The Commerce Department reported that Housing Starts surged 15% in September to its fastest pace in more than four years signaling that the housing sector's recovery is gaining some momentum. Starts grew by 872,000 units on an annualized basis, well above the 768,000 expected. Building Permits, a sign of future construction, increased by more than 11% to 894,000 units annualized, above the 815,000 expected. Even RE/MAX reported that home prices have increased from levels since last year with median prices gaining 7.8%. In addition, inventory levels have declined by 29% since last year. The lower inventories have actually spurred on bidding wars in certain sectors around the nation.
And over the last few months the National Association of Realtors (NAR)
has been making some general statements that tight inventories of existing
homes are "in some locations" impacting home sales. And this week the
California Association of Realtors (C.A.R.) confirmed that they are one of
those locations. C.A.R. said that "A continued shortage of available homes
for sale lowered California home Sales in September, while the median price
reached the highest level in more than four years." Catch the wave -
buy a non-owner! Why not - the cash in most bank accounts is earning 0%.
"Rob - you really showed your age yesterday in your write up about gfees.

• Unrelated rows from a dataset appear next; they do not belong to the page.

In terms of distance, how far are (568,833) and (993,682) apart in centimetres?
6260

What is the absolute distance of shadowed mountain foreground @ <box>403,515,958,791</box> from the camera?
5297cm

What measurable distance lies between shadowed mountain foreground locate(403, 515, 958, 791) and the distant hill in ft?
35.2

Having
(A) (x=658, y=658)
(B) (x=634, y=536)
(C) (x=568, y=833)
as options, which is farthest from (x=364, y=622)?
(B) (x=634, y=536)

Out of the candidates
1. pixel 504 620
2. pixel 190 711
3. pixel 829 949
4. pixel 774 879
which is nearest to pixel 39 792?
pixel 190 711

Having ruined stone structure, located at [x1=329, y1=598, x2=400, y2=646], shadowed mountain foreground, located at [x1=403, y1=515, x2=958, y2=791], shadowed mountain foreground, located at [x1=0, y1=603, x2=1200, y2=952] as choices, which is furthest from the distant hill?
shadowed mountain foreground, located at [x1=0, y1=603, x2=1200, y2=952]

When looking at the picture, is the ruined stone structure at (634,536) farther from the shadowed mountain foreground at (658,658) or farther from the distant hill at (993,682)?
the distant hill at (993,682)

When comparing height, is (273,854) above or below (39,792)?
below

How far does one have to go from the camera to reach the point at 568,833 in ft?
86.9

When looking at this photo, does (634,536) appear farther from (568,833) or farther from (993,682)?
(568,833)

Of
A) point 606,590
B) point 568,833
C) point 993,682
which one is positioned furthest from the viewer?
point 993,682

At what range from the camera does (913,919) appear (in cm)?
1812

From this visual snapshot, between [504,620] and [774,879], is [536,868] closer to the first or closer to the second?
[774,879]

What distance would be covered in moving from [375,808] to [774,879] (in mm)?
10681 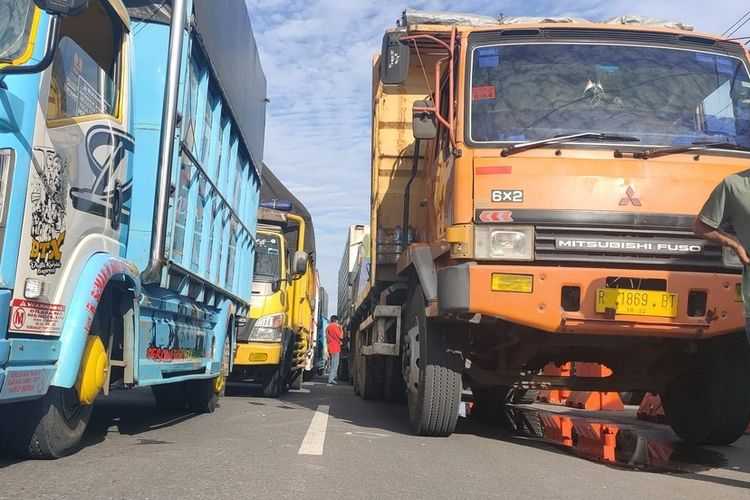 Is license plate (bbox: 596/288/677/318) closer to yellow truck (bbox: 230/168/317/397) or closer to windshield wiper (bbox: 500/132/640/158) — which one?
windshield wiper (bbox: 500/132/640/158)

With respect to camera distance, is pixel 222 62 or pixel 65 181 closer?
pixel 65 181

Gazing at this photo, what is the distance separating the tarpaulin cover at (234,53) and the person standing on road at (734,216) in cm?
387

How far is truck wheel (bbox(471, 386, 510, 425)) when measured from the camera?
8.28 metres

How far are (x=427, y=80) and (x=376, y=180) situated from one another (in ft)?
3.89

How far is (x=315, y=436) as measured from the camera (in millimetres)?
6164

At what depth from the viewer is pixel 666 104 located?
5.73m

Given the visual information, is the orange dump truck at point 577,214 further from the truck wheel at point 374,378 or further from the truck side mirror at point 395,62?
the truck wheel at point 374,378

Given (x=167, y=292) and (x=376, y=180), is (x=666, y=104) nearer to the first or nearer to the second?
(x=376, y=180)

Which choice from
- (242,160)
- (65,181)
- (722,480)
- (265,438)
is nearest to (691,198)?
(722,480)

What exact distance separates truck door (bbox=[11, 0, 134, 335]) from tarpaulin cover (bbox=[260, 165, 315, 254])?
8476 millimetres

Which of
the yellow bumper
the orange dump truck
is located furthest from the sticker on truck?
the yellow bumper

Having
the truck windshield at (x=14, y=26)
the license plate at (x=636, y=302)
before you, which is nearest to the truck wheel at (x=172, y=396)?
the license plate at (x=636, y=302)

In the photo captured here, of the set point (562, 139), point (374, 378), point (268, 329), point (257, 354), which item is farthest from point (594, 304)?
Result: point (268, 329)

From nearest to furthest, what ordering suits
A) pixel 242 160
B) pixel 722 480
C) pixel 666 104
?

Not the write-up itself, but in your note about the buy up ratio. You mentioned 2:1 or 3:1 - that was when dinosaurs roamed the earth. Try Freddie and Fannie charging lenders - and therefore borrowers - 7:1 or 8:1. So a gfee of 40 basis points will cost about 3 points to buy it down to 0, and allow a 3.25% loan to be put into a 3% security. Fortunately 3% Fannie & Freddie MBS are priced around 105 because the government is buying all our production, so there is some room to play."
Which brings up the question, "Who is buying all those mortgages that LO's are churning out, and what are they buying?" The Treasury International Capital (TIC) report for August showed strong demand for dollar assets from foreigners. Foreign inflows into Treasuries totaled +$43 billion, while corporate bonds and stocks saw +$11 billion and +$6 billion in inflows, respectively. The inflow into US corporate bonds was the strongest since July '08. In Mortgage Land, which some say is between Candy Land and Nowhere Land, in August agency debt and MBS held overseas increased by $18.6 billion, which consisted of a $17 billion increase in MBS holdings and a $1.5 billion increase in debt holdings. This was the largest increase in Agency holdings so far this year. Within the MBS sector, the $17 billion in net purchases was offset by $14 billion in estimated prepayments, resulting in a net increase of about $3 billion in MBS holdings after accounting for prepays. Asia accounted for over $12B in net purchases in August, while Europe was also a large contributor with net purchases of $8B, mostly out of the United Kingdom and Luxembourg. (Shouldn't they be using that money to buy their own debt - like we do?)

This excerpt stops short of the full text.